Maria Van Kerkhove, directrice par intérim du département de prévention et préparation aux épidémies et pandémies de l'OMS, a déclaré aux journalistes : « Nous pensons qu'il pourrait y avoir une transmission interhumaine parmi les personnes en contact très étroit. » Elle a ajouté : « Compte tenu de la durée de la période d'incubation du hantavirus, qui peut varier entre une et six semaines, nous supposons qu'ils (les trois morts) ont été infectés en dehors du navire. »

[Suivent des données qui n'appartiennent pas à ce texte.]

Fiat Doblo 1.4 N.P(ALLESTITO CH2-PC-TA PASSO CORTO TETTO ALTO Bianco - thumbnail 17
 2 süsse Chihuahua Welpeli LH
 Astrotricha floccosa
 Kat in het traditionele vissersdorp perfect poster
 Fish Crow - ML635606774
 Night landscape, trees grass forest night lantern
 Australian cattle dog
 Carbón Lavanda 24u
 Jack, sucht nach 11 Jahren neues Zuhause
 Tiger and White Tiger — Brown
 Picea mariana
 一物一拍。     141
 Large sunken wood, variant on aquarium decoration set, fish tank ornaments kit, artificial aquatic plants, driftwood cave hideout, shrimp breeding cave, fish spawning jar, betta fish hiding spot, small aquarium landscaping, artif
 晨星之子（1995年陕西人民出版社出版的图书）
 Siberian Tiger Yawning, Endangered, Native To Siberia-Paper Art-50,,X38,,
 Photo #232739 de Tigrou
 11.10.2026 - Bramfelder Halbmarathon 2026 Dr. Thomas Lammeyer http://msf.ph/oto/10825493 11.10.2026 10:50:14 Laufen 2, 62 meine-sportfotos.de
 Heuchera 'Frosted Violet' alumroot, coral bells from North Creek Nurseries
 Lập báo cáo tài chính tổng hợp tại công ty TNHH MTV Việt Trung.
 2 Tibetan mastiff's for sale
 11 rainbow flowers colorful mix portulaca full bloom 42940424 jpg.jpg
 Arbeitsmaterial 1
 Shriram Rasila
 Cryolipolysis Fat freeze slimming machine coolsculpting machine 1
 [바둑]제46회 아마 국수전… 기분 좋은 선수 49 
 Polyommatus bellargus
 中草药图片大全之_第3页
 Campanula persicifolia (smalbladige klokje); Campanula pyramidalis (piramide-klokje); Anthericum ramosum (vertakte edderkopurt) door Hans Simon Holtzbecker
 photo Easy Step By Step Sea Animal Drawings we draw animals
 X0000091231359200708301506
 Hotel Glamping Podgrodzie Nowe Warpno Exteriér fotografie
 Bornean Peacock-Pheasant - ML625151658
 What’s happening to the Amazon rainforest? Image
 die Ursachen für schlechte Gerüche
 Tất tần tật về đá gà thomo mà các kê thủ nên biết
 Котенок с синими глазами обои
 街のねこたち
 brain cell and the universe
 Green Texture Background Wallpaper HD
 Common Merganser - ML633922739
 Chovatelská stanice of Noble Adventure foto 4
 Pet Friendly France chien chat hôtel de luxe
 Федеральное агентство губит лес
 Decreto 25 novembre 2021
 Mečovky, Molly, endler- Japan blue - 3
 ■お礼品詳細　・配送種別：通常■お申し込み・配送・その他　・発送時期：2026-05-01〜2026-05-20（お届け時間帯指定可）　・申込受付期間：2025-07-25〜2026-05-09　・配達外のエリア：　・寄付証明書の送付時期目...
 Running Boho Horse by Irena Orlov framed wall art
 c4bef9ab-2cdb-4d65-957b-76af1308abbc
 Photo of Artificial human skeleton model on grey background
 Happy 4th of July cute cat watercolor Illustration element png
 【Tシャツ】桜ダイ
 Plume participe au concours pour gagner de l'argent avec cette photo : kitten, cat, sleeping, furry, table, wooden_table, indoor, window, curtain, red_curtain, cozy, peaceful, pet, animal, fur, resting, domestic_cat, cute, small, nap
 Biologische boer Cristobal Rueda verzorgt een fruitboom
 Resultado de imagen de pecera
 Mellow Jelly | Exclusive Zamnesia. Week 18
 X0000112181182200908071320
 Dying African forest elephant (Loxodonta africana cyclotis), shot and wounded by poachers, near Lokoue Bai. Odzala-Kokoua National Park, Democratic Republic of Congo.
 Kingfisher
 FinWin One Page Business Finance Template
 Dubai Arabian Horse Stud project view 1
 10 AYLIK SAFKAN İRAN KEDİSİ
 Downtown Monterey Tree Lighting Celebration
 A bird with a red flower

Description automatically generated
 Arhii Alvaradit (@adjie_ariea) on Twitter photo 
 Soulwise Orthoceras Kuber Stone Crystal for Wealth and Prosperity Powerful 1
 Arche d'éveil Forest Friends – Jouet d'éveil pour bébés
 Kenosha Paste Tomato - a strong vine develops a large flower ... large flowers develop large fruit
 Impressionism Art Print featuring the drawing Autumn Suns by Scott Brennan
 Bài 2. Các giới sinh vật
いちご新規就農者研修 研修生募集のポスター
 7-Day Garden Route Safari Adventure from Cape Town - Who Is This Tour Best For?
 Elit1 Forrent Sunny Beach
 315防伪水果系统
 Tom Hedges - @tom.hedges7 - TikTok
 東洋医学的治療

Où le navire pourra-t-il accoster ?

La question cruciale est de savoir où le navire de croisière, bloqué au large du Cap-Vert, pourra accoster. L'OMS a indiqué que l'Espagne avait accepté que le navire accoste aux îles Canaries, où les autorités espagnoles « l'accueilleraient afin de mener une enquête complète et évaluer les risques pour les passagers présents à bord ». Cependant, cette information a été contredite par les autorités espagnoles, qui n'autoriseront rien avant que les « données épidémiologiques » soient analysées. « En fonction des données qui seront recueillies sur le navire lors de son passage par le Cap-Vert, il sera décidé quelle escale est la plus pertinente. D'ici là, le ministère de la Santé n'adoptera aucune décision », ont-elles précisé.

Ce mardi, l'OMS a fait état de sept cas : deux confirmés en laboratoire et cinq suspectés.